In A Win for Investors: Washington State Supreme Court Holds That Reliance Is Not a Required Element in Securities Anti-Fraud Lawsuits


In a 6-3 decision, the Washington State Supreme Court in Fed. Home Loan Bank of Seattle v. Credit Suisse Sec. (USA) LLC, 449 P.3d 1019, 1020 (Wash. 2019) ruled that a plaintiff does not need to prove they relied on misleading statements or omissions to establish a claim under RCW 21.20.010(2).

The plaintiff in this consolidated case purchased approximately $900 million in residential mortgaged-backed securities from Credit Suisse Securities (USA) LLC and Barclays Capital Inc. The plaintiff claimed the investment banks made several misrepresentations in their prospectuses and sued for violations of RCW 21.20.010(2), which prohibits the use of untrue statements of material fact in connection with the offer, sale, or purchase of a security.

At trial, both defendants moved for summary judgment in their respective cases, arguing that the plaintiff failed to establish that it reasonably relied on the alleged misrepresentations. Agreeing with the defendants, the trial courts granted the motions for summary judgment. On appeal, the plaintiff argued that it did not need to prove reasonable reliance on a misrepresentation in order to prevail in a lawsuit alleging violations of RCW 21.20.010(2). The appellate courts, however, disagreed and affirmed the trial court rulings. This prompted the plaintiff to appeal to the Washington State Supreme Court.

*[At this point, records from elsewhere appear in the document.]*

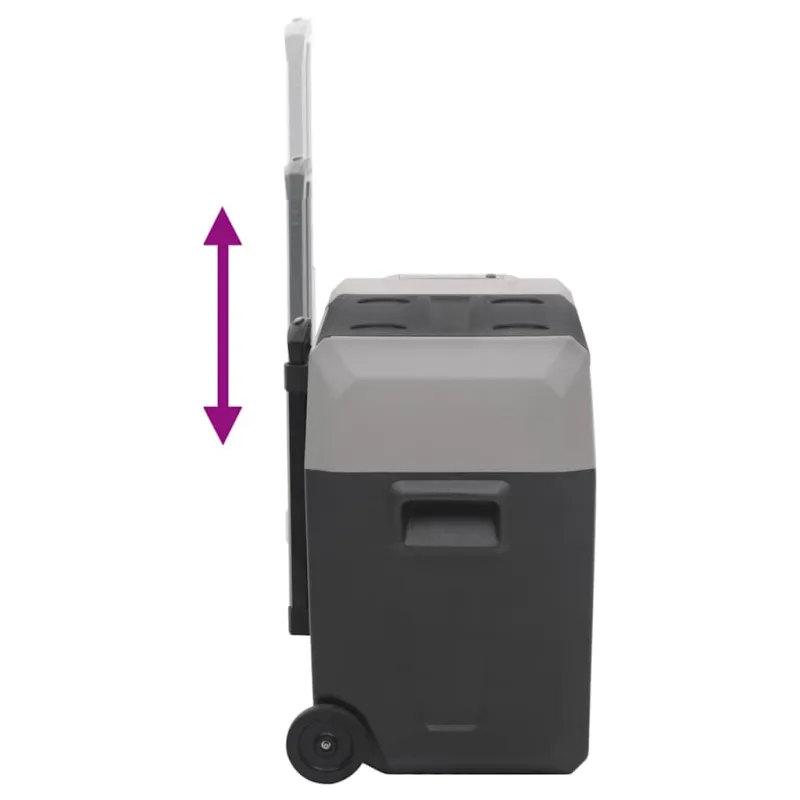 Šaltdėžė su ratukais ir rankena, juoda ir pilka, 40l, PP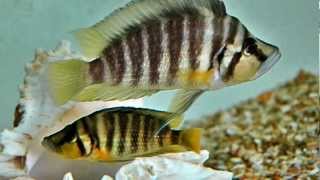 Магазин-рыборазводня  Tanganyika Cichlids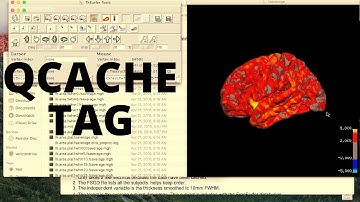 [FreeSurfer] Qcache Command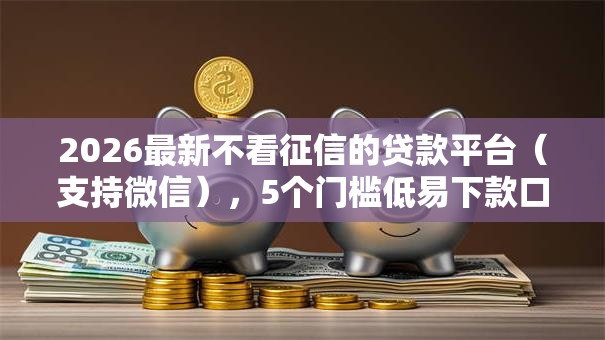 2026最新不看征信的贷款平台（支持微信），5个门槛低易下款口子无私分享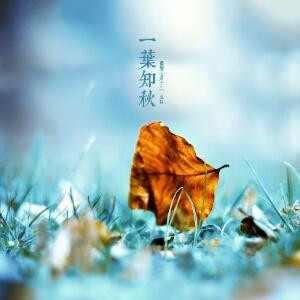 冬天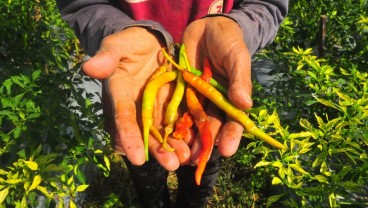 Kemarau Basah Bikin Pertanaman Hortikultura Terganggu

The certified question before the Washington State Supreme Court was “whether the Securities Act of Washington requires a plaintiff suing for a violation of RCW 21.20.010(2) to prove reliance.”

DFI filed an amicus brief arguing that Washington law does not require a plaintiff to prove reliance. Of the many arguments asserted in the amicus brief, DFI argued that not only does a plain language reading of the Securities Act indicate reliance is not a required element, but that the Act was modeled after the Uniform Securities Act of 1956, not federal Rule 10b-5, and the commentary to the ’56 Act explicitly states that it was “not intended as a requirement that the buyer prove reliance on [an] untrue statement or the omission.”

Writing for the Majority, Justice Wiggins echoed several of the arguments asserted by DFI in its amicus brief. The Court reasoned that a plain reading of the Securities Act of Washington demonstrates that a plaintiff does not need to prove reliance, and that the commentary to the Uniform Securities Act of 1956, after which the Securities Act of Washington was modeled, unequivocally supports this plain language reading. The Court also reasoned that its holding furthers the purpose of the Securities Act of Washington – to protect investors.